Upon analysis, it was found that 4487 observations exhibited no
outliers, 624 observations were flagged as outliers by one method, and
43 observations were identified as outliers by both methods. The column
Outliers in the dataset represents these totals.
Additionally, to maintain a high-quality dataset for subsequent
analysis, observations flagged as outliers by both methods (outliers =
2) were removed. This resulted in a dataset containing 5074 rows and 16
columns, allowing for enough observations while ensuring the model’s
reliability.
# Sum the two columns to get the total number of outliers
CollegeDataset2$Outliers = CollegeDataset2$Outliers_Maha + CollegeDataset2$Outliers_LOF
Outliers_Table <- table(CollegeDataset2$Outliers)
knitr::kable(Outliers_Table, caption = "Table 1:
Summary of Outliers Detected by Mahalanobis Distance and LOF Methods")
| Var1 | Freq |
|---|---|
| 0 | 4487 |
| 1 | 624 |
| 2 | 43 |
# Subset data by keeping where outliers = 0 or 1
# I want to keep as much of the data to get a better quality model so thats
# why I chose to remove outliers that = 2 as both the Mahalanobis Distance and LOF
# determine there is an outlier at that specific row
CollegeDataset2 = CollegeDataset2[CollegeDataset2$Outliers %in% c(0, 1), ]

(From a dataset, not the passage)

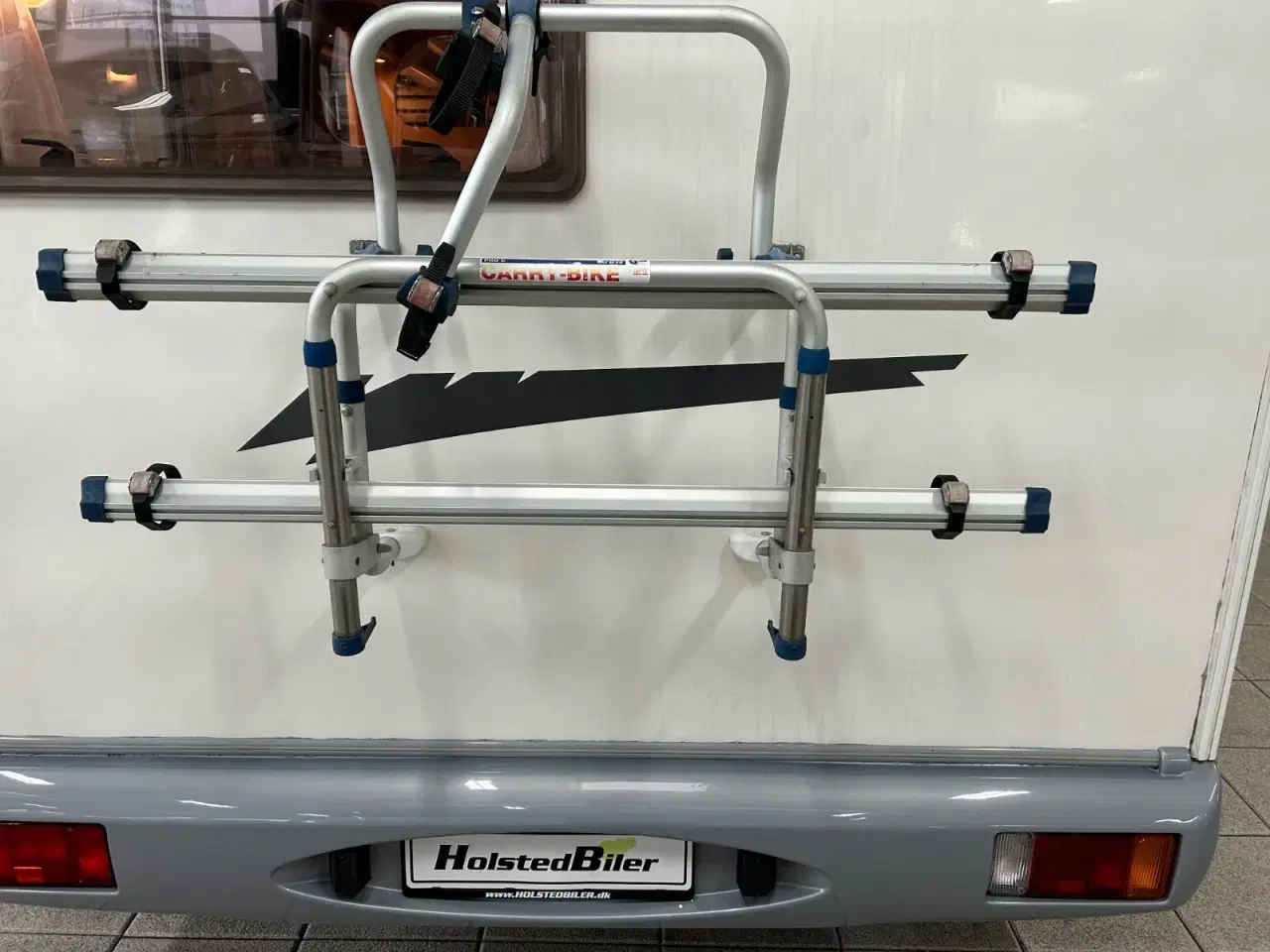 Billede 18 - Fiat McLouis 2,3 JTD Glen aut.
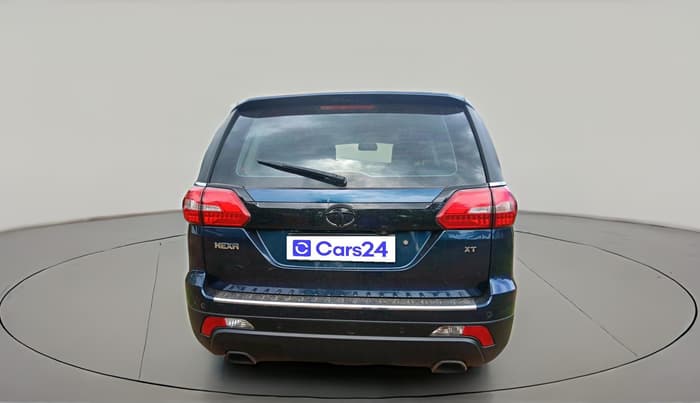 2017 Tata Hexa XT 4X2 6 STR, Diesel, Manual, 83,532 km, exterior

# dim(CollegeDataset2) # 5111 rows by 16 columns
A multiple linear regression (MLR) analysis was created to explore
the factors impacting college completion rates. The study centered on
the completion rate (C150_4_L4) as the response variable,
with pertinent predictor variables such as the number of branches, types
of degrees awarded, demographics of the student body, and financial aid
statistics.
The insights presented in Table 2 provide a deeper understanding of how various factors impact college completion rates, shedding light on their magnitudes and implications within the regression model. For example:
Intercept (0.46): The intercept serves as the baseline completion rate when all predictor variables are zero. In this model, it suggests that in the absence of other factors, the expected college completion rate is approximately 46%.
NUMBRANCH (-0.01): The negative coefficient indicates that for each additional branch a college has, the completion rate decreases by approximately 0.01%. This implies that spreading resources across multiple branches might weaken support systems, hindering overall completion rates.
HIGHDEG Variables:
HIGHDEGCertificate Degree (0.20): A positive coefficient of 0.20 suggests that for each percentage point increase in the proportion of certificate degrees awarded, the completion rate increases by 0.20%. This indicates that focusing on certificate programs might positively influence completion rates.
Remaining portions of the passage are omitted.